Study Finds More Reasoning Does Not Always Improve LLM Security Triage

A new benchmark of large language models suggests that turning up reasoning effort can help security triage, but not in every case. In some tests, the strongest settings were outperformed by lower or medium reasoning modes, and the best results still fell short of full accuracy.

The experiment expanded on earlier work that asked whether modern open-source and flagship models could triage security findings from vulnerable code. This round tested 26 combinations of Claude 4.6, 4.7 and 4.8, plus GPT-5.4 and GPT-5.5, across different context windows and reasoning settings. The researcher ran each combination multiple times for two sample vulnerabilities, using both whole-file inputs and function-only inputs.

Reasoning helps, but only up to a point

Across the board, low reasoning performed the worst. Higher reasoning usually improved results, but the pattern was not consistent enough to treat more thinking as a universal fix. For example, GPT-5.4 with the highest reasoning setting produced the top overall score in the study. But GPT-5.5 did better at medium reasoning than at high or extra-high reasoning, showing that more effort did not always translate into better triage.

The study also found that later or larger models were not automatically superior. Several Claude and GPT variants clustered closely together in the scoring tables, and some older or smaller configurations held up surprisingly well. The author said the results reinforced a practical lesson: the best choice may be to route security triage to a strong model with moderate or high reasoning, rather than assuming the most aggressive setting will win.

Partial findings were common, full solves were rare

Most models were able to identify at least part of a vulnerability. The reported partial-or-better success rate was 70.8 percent. But complete solutions were extremely uncommon, at just 1.9 percent overall.

That gap mattered most in the harder test case. When the full OpenBSD file was supplied, models struggled to spell out the complete vulnerability chain. One configuration achieved a single full solve on the FreeBSD test case, but no model consistently produced complete answers across the benchmark.

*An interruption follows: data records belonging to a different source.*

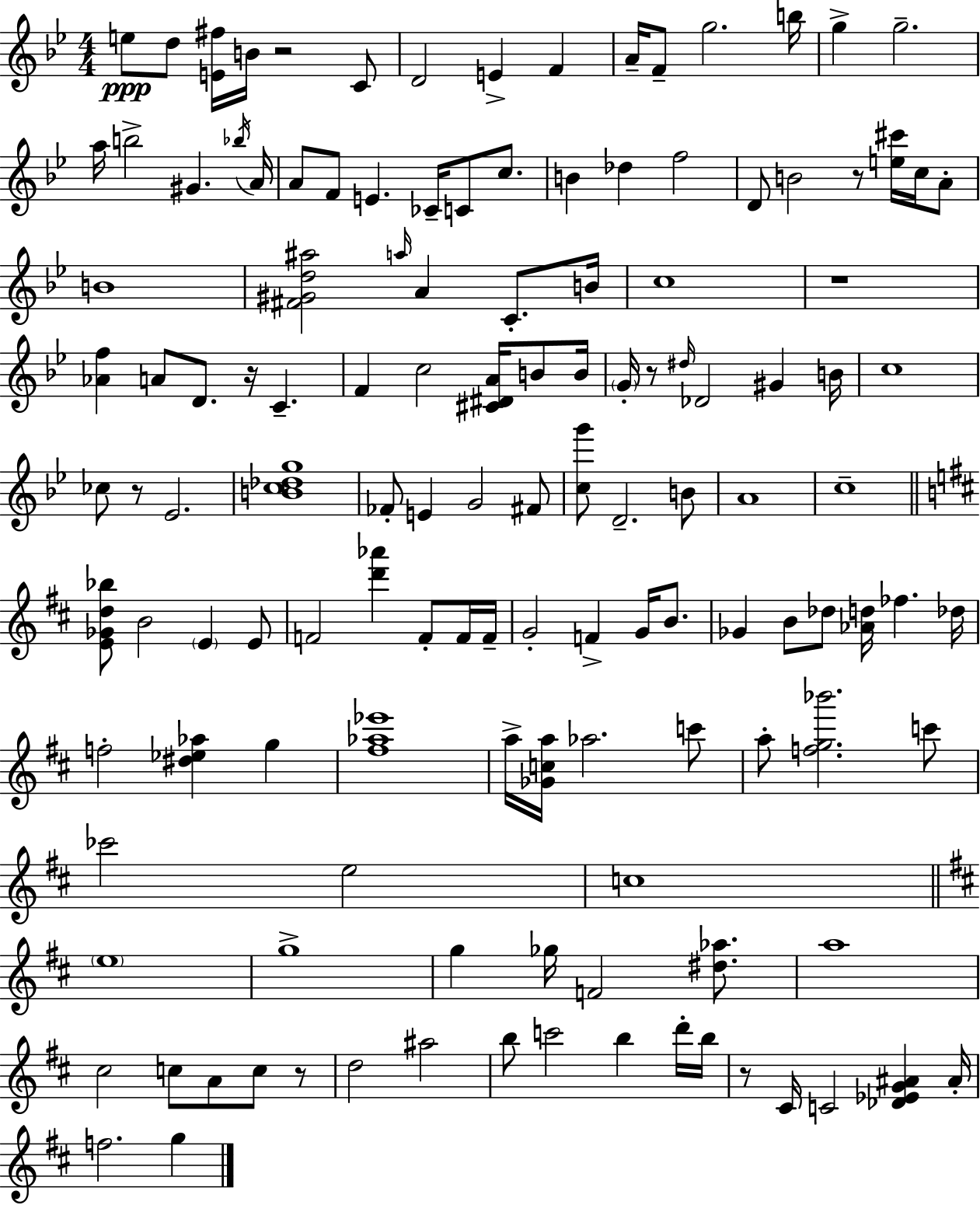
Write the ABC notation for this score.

X:1
T:Untitled
M:4/4
L:1/4
K:Gm
e/2 d/2 [E^f]/4 B/4 z2 C/2 D2 E F A/4 F/2 g2 b/4 g g2 a/4 b2 ^G _b/4 A/4 A/2 F/2 E _C/4 C/2 c/2 B _d f2 D/2 B2 z/2 [e^c']/4 c/4 A/2 B4 [^F^Gd^a]2 a/4 A C/2 B/4 c4 z4 [_Af] A/2 D/2 z/4 C F c2 [^C^DA]/4 B/2 B/4 G/4 z/2 ^d/4 _D2 ^G B/4 c4 _c/2 z/2 _E2 [Bc_dg]4 _F/2 E G2 ^F/2 [cg']/2 D2 B/2 A4 c4 [E_Gd_b]/2 B2 E E/2 F2 [d'_a'] F/2 F/4 F/4 G2 F G/4 B/2 _G B/2 _d/2 [_Ad]/4 _f _d/4 f2 [^d_e_a] g [^f_a_e']4 a/4 [_Gca]/4 _a2 c'/2 a/2 [fg_b']2 c'/2 _c'2 e2 c4 e4 g4 g _g/4 F2 [^d_a]/2 a4 ^c2 c/2 A/2 c/2 z/2 d2 ^a2 b/2 c'2 b d'/4 b/4 z/2 ^C/4 C2 [_D_EG^A] ^A/4 f2 g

Performance improved when models were given only the relevant function instead of the whole file. The researcher said this function-level setup produced much better results, which suggests that narrowing the scope of the input can make security triage easier for language models.

Four-model voting worked well

To judge the outputs, the researcher used a four-model council made up of two GPT-5.4 and GPT-5.5 settings and two Claude settings. That approach was more reliable than expected. The judges reached a unanimous decision in 86.2 percent of cases, and only 2.8 percent of entries lacked a majority.

Most disagreements were narrow rather than extreme, often involving adjacent score categories. The study noted that an odd-numbered review panel would likely be even better, since it would reduce tied decisions.

Costs and filtering varied by model

The benchmark was expensive to run. The latest iteration cost about $2,300, and the total across all runs was roughly $9,200.

The researcher also observed that higher reasoning settings produced more content filtering in some cases, although the latest run was less affected than earlier ones. Only the Claude models explicitly mentioned CVEs in their analyses.

The overall conclusion was blunt. More reasoning can help with security triage, but it is not a guarantee of better results. In some cases, a middle setting appears to be the sweet spot, and simpler prompts or narrower inputs may matter just as much as model size.